No yoga, but some mangosteens...

Saturday is my yoga-free day. No yoga – not much to write about. Which kind of shows that there is not much going on in my life lately. I did my cardio/weight workout with podfitness and went grocery shopping to a newly discovered H-Mart. I love prices there – beautiful apples for 99c/lb, artichokes 2 for 1.29 and so on. They also had an amazing selection of fish, and that resulted in a demise of my vegetarian raw diet at least for today. My husband cooked fried flounder and it was super delicious. I also bought mangosteens there to try. Checked on the internet – they are just pleasant to eat, but nothing special in nutrition value. Very expensive, though. Well, at least I could take some pictures. Here they are, together with ginger for some reason:

Friday, February 22, 2008

Strength vs flexibility.

Yoga makes us strong and flexible, calm and happy. We come to yoga, because we need it, either physically or spiritually (I wonder, why do I dislike the word “spiritual” so much? The phrase “He embarked on a spiritual journey to India” makes me cringe). There are two major physical types that start yoga: a) strong and stiff and b) weak and bendy. Of course, there are two more types – weak and bendy (they should take comfort that they are balanced at least in something) and strong and flexible (you know the type. We all hate them :D), but they are rare. I was the poster child for the weak and bendy type. Over the years of doing yoga, I concentrated on making myself even bendier, because, hey – that was something I was good at! Until I started Power yoga and then Ashtanga, my strength and stamina did not really improve. I have never realized how much easier time strong people have doing yoga, until I started to teach a “Yoga for Athletes” class. This class lasted only one year, but some of my students went ahead to other, more advanced classes, and a couple continued in my Power yoga class. These people were really strong and quite inflexible. The runners and the bikers were the stiffest, followed by the swimmers. A seated forward bend was a complete misnomer for them, because with such short hamstrings they could not even sit straight, and had to lean back. Backbends were non-existent; for some of them a backbend meant just straightening up from slouching forward. Anyway, you get the picture. They did need yoga badly and yoga delivered. The hamstrings elongated, the shoulders opened, the abs stretched. And then, because they were so strong, they progressed really fast! One of them could do a beautiful, floating jumpback from a seated position, just because of the existing core strength and coordination. Most of them learned the arm balances in no time at all. All these strong people were much less prone to injuries, than their bendy counterparts. I am not sure why I am telling that, my brain is a muddled today. Oh, yes, I remember. YC disagreed with me that vata people have it easier, than kaphas. I suggest a compromise – let’s say pitta people (strong, muscled pitas) have the best time in yoga? They are already strong, acquire flexibility fast, and get injured less frequently.

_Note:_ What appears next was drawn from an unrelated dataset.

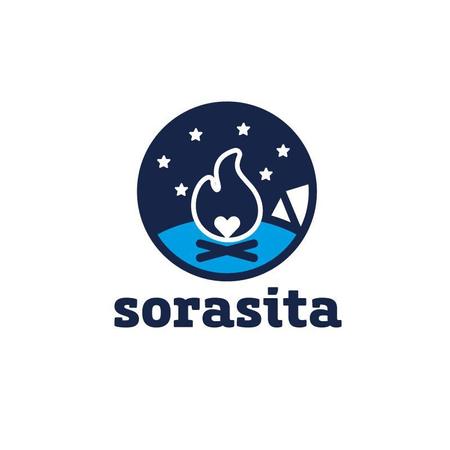 ステファン・エック (StephaneEck)さんのWebサイトに使う「sorasita」のロゴへの提案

Anyway, I had a great practice today. Aliya was adjusting and he folded me into the best Supta Kurmasana I ever had in my practice. I was able to hold it for 20 breaths, lift up into a balance before unfolding into tittibasana. I would have held it even longer, but my nails were digging into my palms. Note to self - keep the nails short!

Thursday, February 21, 2008

Talent in yogasana

I was inspired by Lilalia’s amazing collages, and made an attempt to make one of my own. This is the picture I took of Aliya, one of my shalamates. He and his wife Rayna are wonderful yogis and became my good friends. As a background I used a lotus flower photograph by Bahman Farzad with his kind permission (check out his stunning gallery).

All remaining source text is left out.